Assignment
What this exercise needs is every entry restated as written, with no pictures.

Dataset records: Begin

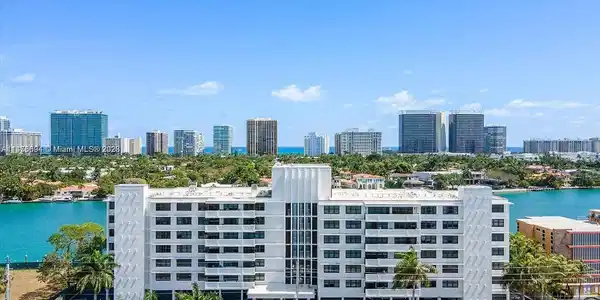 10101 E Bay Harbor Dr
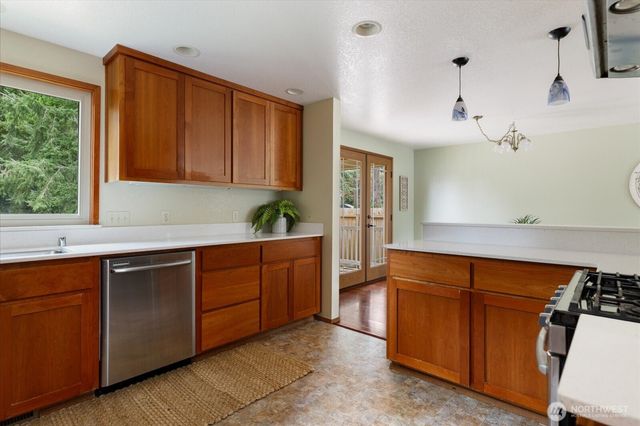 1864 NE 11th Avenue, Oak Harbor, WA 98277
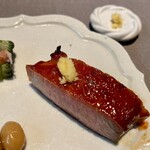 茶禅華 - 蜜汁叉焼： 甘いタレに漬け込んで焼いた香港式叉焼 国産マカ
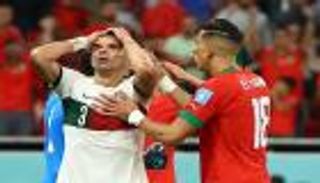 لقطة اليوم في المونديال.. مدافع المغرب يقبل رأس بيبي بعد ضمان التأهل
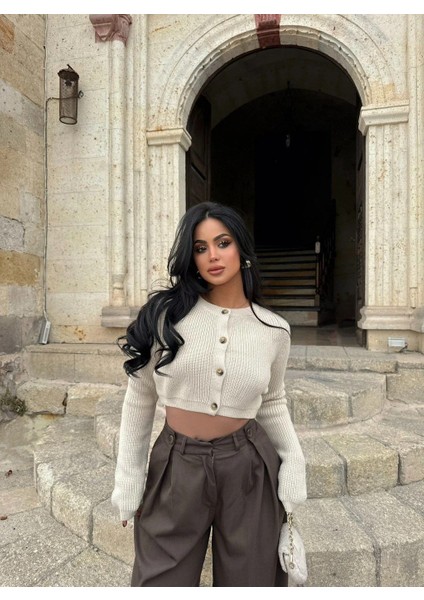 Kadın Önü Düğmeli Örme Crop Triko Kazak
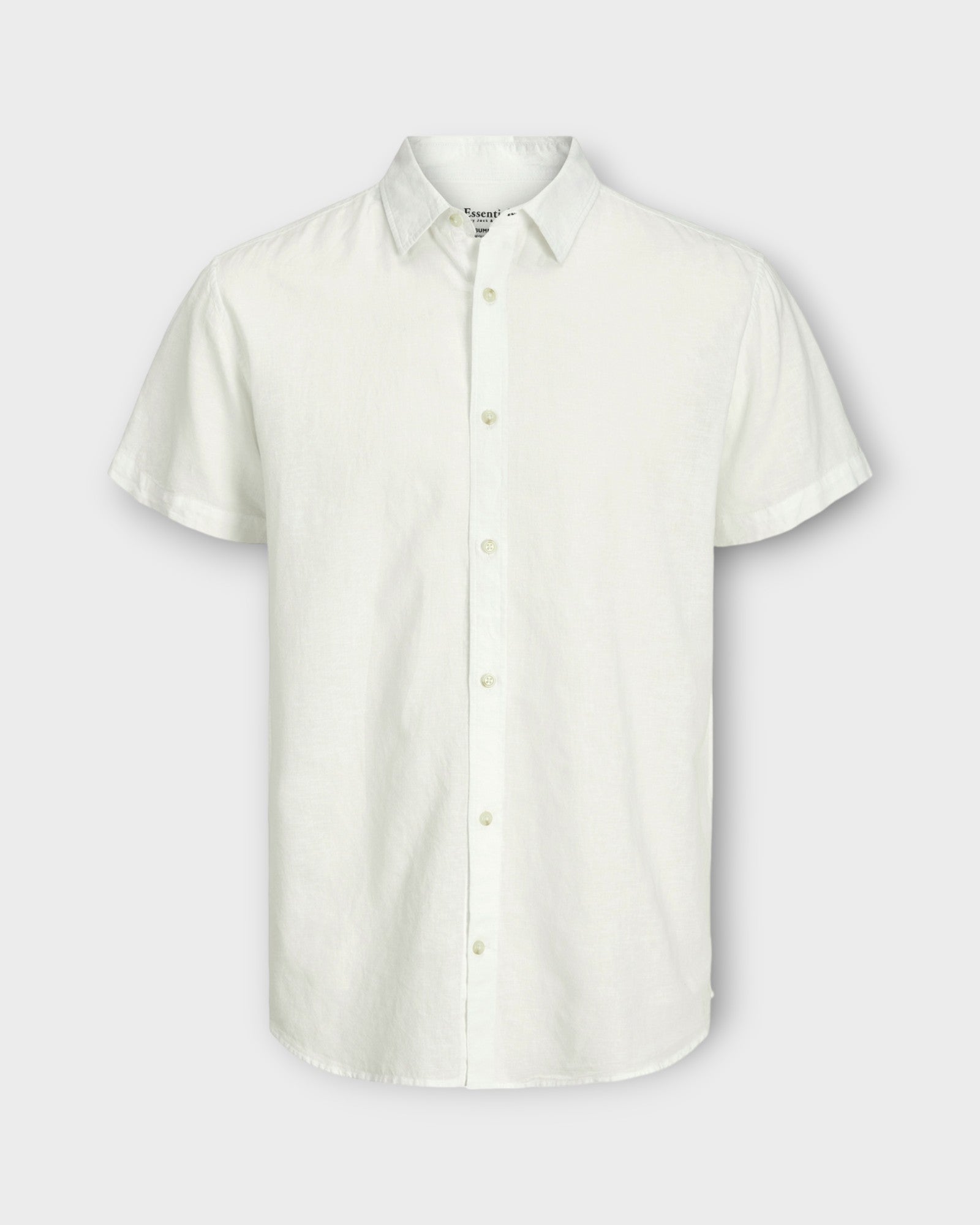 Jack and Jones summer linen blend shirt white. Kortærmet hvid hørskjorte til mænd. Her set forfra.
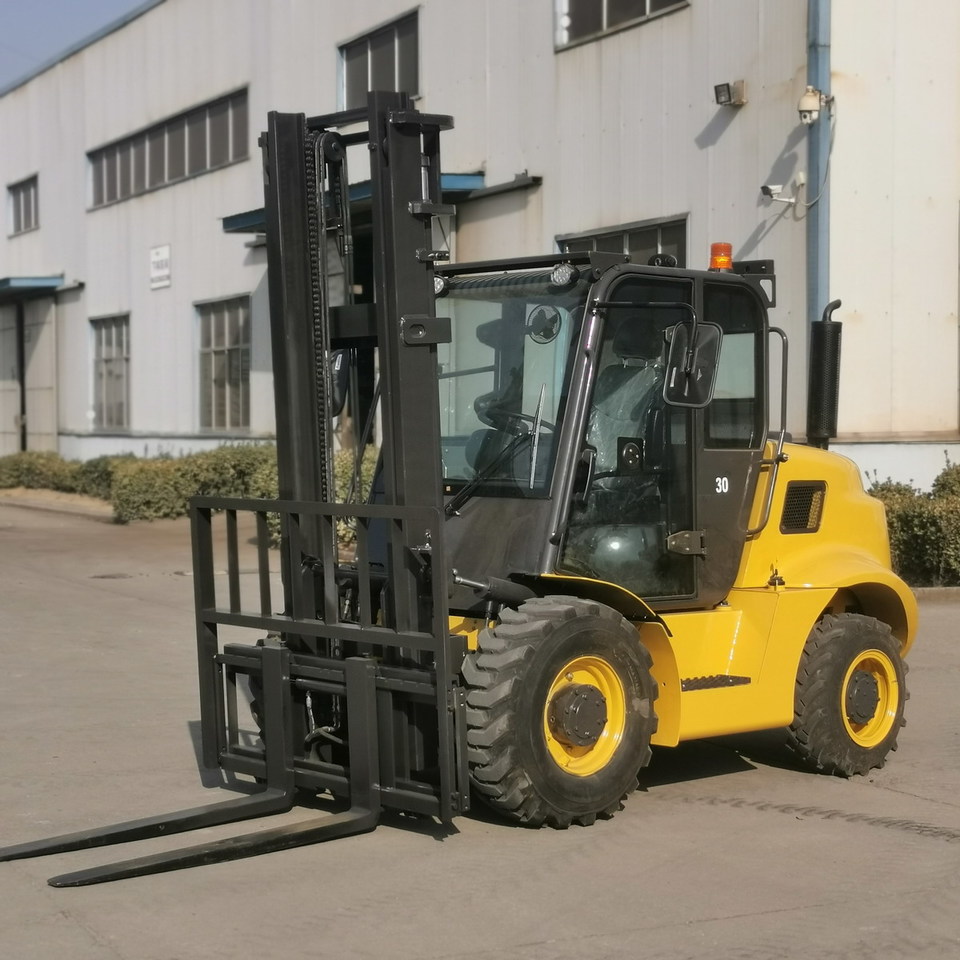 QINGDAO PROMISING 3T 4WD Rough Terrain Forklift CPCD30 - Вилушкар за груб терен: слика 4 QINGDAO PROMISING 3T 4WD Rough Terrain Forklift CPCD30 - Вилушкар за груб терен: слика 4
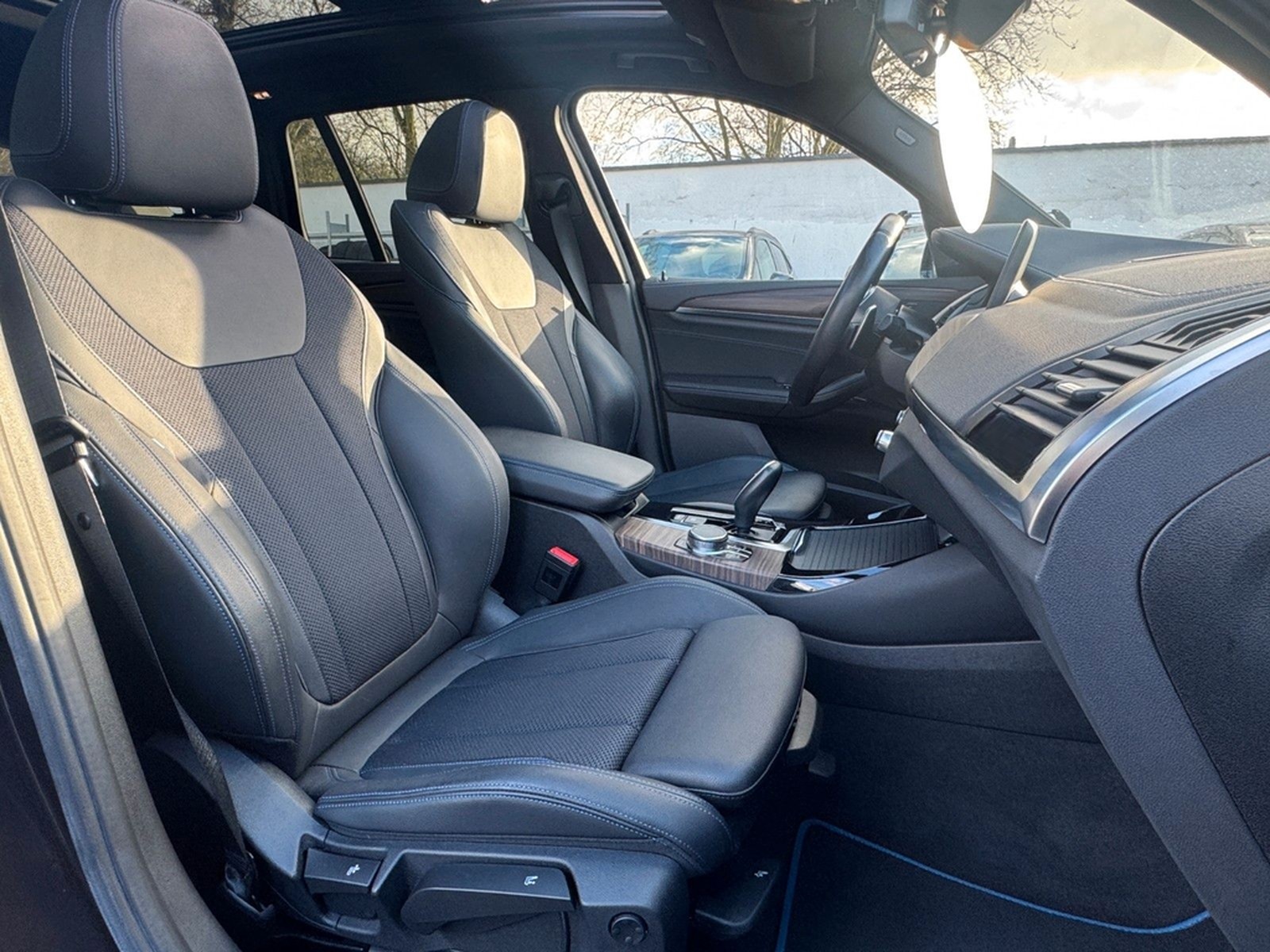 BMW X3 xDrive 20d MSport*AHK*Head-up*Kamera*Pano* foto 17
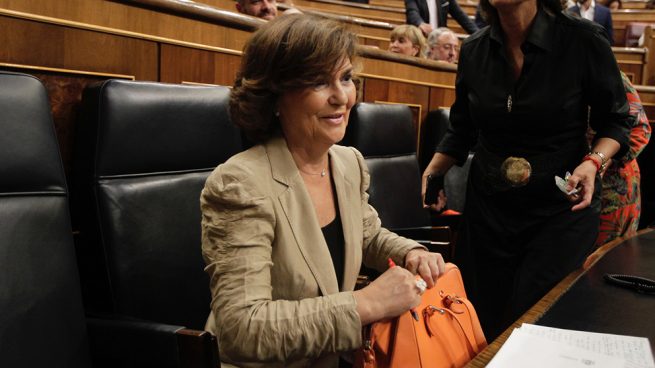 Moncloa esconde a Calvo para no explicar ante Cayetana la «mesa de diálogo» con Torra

Dataset records: End

Task output
 10101 E Bay Harbor Dr
 1864 NE 11th Avenue, Oak Harbor, WA 98277
 茶禅華 - 蜜汁叉焼： 甘いタレに漬け込んで焼いた香港式叉焼 国産マカ
 لقطة اليوم في المونديال.. مدافع المغرب يقبل رأس بيبي بعد ضمان التأهل
 Kadın Önü Düğmeli Örme Crop Triko Kazak
 Jack and Jones summer linen blend shirt white. Kortærmet hvid hørskjorte til mænd. Her set forfra.
 QINGDAO PROMISING 3T 4WD Rough Terrain Forklift CPCD30 - Вилушкар за груб терен: слика 4 QINGDAO PROMISING 3T 4WD Rough Terrain Forklift CPCD30 - Вилушкар за груб терен: слика 4
 BMW X3 xDrive 20d MSport*AHK*Head-up*Kamera*Pano* foto 17
 Moncloa esconde a Calvo para no explicar ante Cayetana la «mesa de diálogo» con Torra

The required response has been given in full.